Microcomb-driven large-scale fully connected quantum network

TL;DR

This paper demonstrates a large-scale, fully connected quantum network using integrated microcombs and photonic chips, enabling secure communication among 200 users over 200 km with untrusted providers.

Contribution

It introduces a scalable architecture for fully connected quantum networks based on two-photon HOM interference and integrated microcombs, achieving high security and large user capacity.

Findings

Successfully connected 200 users over 200 km.

Achieved high-visibility HOM interference and MDI-QKD.
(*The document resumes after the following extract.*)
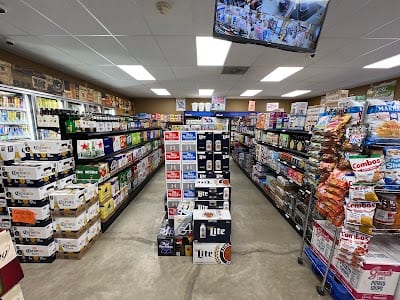 Blue Mountain Beverage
Demonstrated secure quantum communication with untrusted network providers.

Abstract

Fully connected quantum networks enable simultaneously connecting every user to every other user and are the most versatile and robust networking architecture. However, the scalability of such networks remains great challenge for practical applications. Here we construct a large-scale fully connected quantum network founded on two-photon Hong-Ou-Mandel (HOM) interference, where user-to-user security is guaranteed even with untrusted network provider. Using integrated soliton microcomb (SMC) and photonic encoding chips, we realize precise massive parallel frequency generation and locking, high-visibility HOM interferences and measurement-device-independent (MDI) quantum key distribution. The proposed architecture enables a 200-user fully connected quantum network over 200 kilometers with strict information-theoretic security via untrusted network provider. The implemented networking architecture paves the way for realizing large-scale fully connected MDI quantum networks across metropolitan and intercity regions.